Use the quotient rule to simplify. Assume that all variables represent positive real numbers. \( -\sqrt[3]{\frac{z^{11}}{27 x^{9}}} \) \( -\sqrt[3]{\frac{z^{11}}{27 x^{9}}}=\square \) (Simplify your answer. Use integers or fractions for any numbers in the expression. Type an exact answer, using radicals as needed.)

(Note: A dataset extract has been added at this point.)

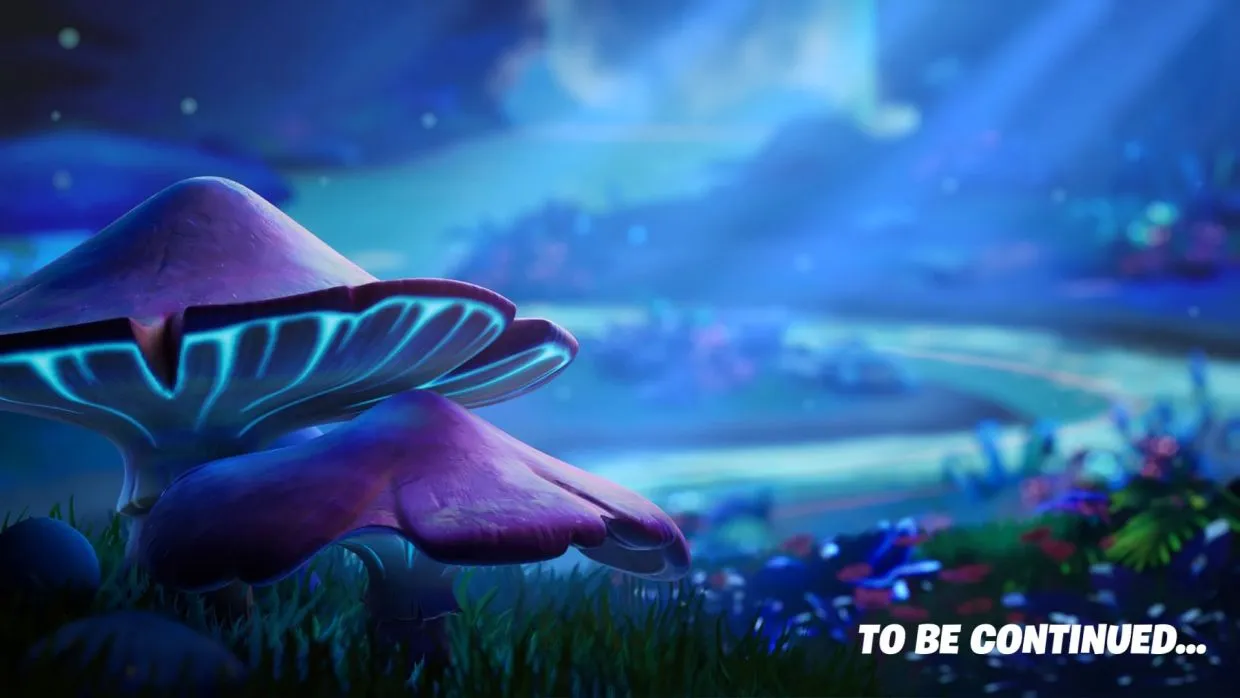 Тизер новой локации Fortnite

To apply the quotient rule when simplifying the expression \( -\sqrt[3]{\frac{z^{11}}{27 x^{9}}} \), we start by separating the cube root using the property \( \sqrt[3]{\frac{a}{b}} = \frac{\sqrt[3]{a}}{\sqrt[3]{b}} \). So we have: \[ -\sqrt[3]{\frac{z^{11}}{27 x^{9}}} = -\frac{\sqrt[3]{z^{11}}}{\sqrt[3]{27} \cdot \sqrt[3]{x^{9}}} \] Now we can simplify further: \( \sqrt[3]{z^{11}} = z^{\frac{11}{3}} \) \( \sqrt[3]{27} = 3 \) (since \(27 = 3^3\)) \( \sqrt[3]{x^{9}} = x^{3} \) Putting it all together, we get: \[ -\frac{z^{\frac{11}{3}}}{3x^{3}} \] Thus, the simplified expression is: \[ -\frac{z^{\frac{11}{3}}}{3x^{3}} \]